Nosso inconfundível tempero baiano

Iguarias típicas, como o acarajé e o abará, são trabalhosamente modeladas por baianas, exóticas comerciantes de tabuleiros, e despertam os sentidos de nativos e turistas pelo seu extraordinário sabor


Tesouros da nossa culinária, o acarajé e o abará passaram a ser vendidos conforme tradições históricas e religiosas
Fotos: Divulgação (1) e Solange Rossini (2)

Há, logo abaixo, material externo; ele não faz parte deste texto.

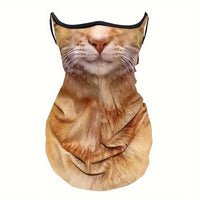 Realistic Gray Tabby Cat Face Neck Gaiter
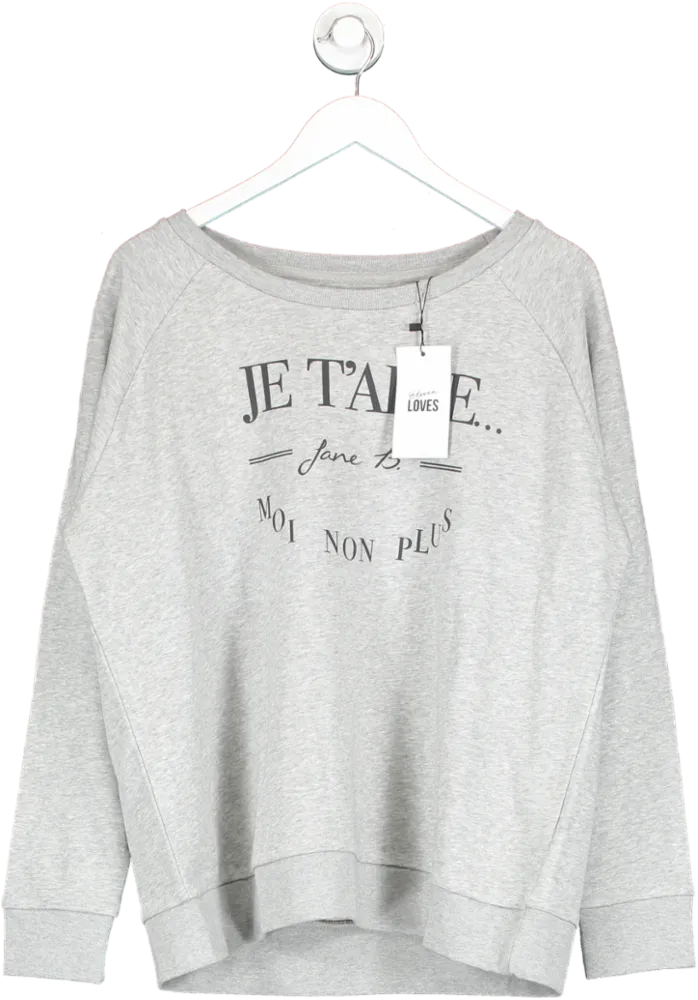 eleven loves Grey Printed Sweatshirt UK L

Em qualquer ponto estratégico da Bahia, não é difícil achar fabulosas figuras femininas, de predominância negra, trajadas de modo análogo às filhas de santo do candomblé e vendendo iguarias típicas em seus tabuleiros. Assim como qualquer comerciante informal, as baianas, como elas são denominadas, lidam bastante com o trabalho pesado, desde a preparação do acarajé, do abará e de outras delícias da Boa Terra até a sua comercialização. Requinte, sofisticação, higiene e força física são indispensáveis na dura rotina das operárias de uma multiplicidade de sabores exóticos.

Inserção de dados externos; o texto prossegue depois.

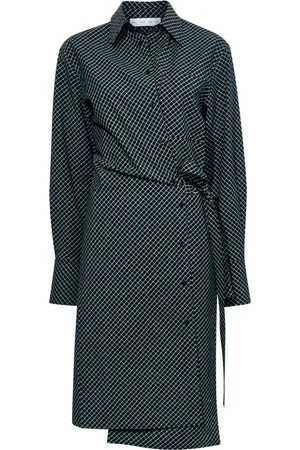 Proenza Schouler Check-print poplin wrap dress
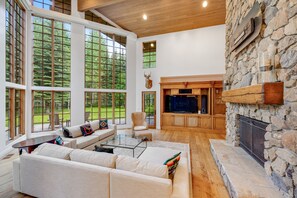 Télévision, cheminée, livres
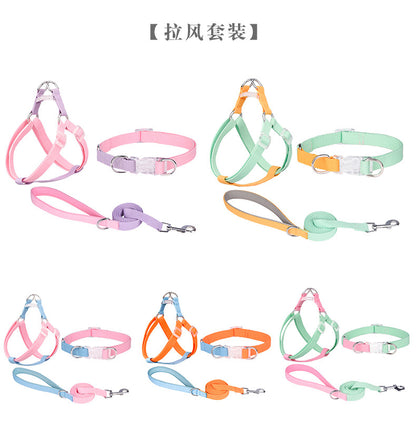 コントラストカラー ペットリーシュ マカロン カラーマッチング ペットチェストストラップ 防爆 赤 犬 リーシュ ヒート ペット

Feito pelas mãos das quituteiras a partir da massa preparada à base de feijão fradinho, temperada com cebola e sal a gosto e moldada em formato de bolinhos fritos em azeite de dendê quente, o acarajé cativa, além do paladar, a visão e o olfato de nativos e de turistas. Diversas características asseguram-lhe o título de patrimônio imaterial dos baianos e dos brasileiros – “o fazer acarajé, seu receituário, sua tradição religiosa e popular, seus significados históricos, mais a sua antropologia” –, conforme o antropólogo Marlon Marcos, mestre em Estudos Étnicos e Africanos pelo Centro de Estudos Afro-Orientais da Universidade Federal da Bahia (Ceao/Ufba).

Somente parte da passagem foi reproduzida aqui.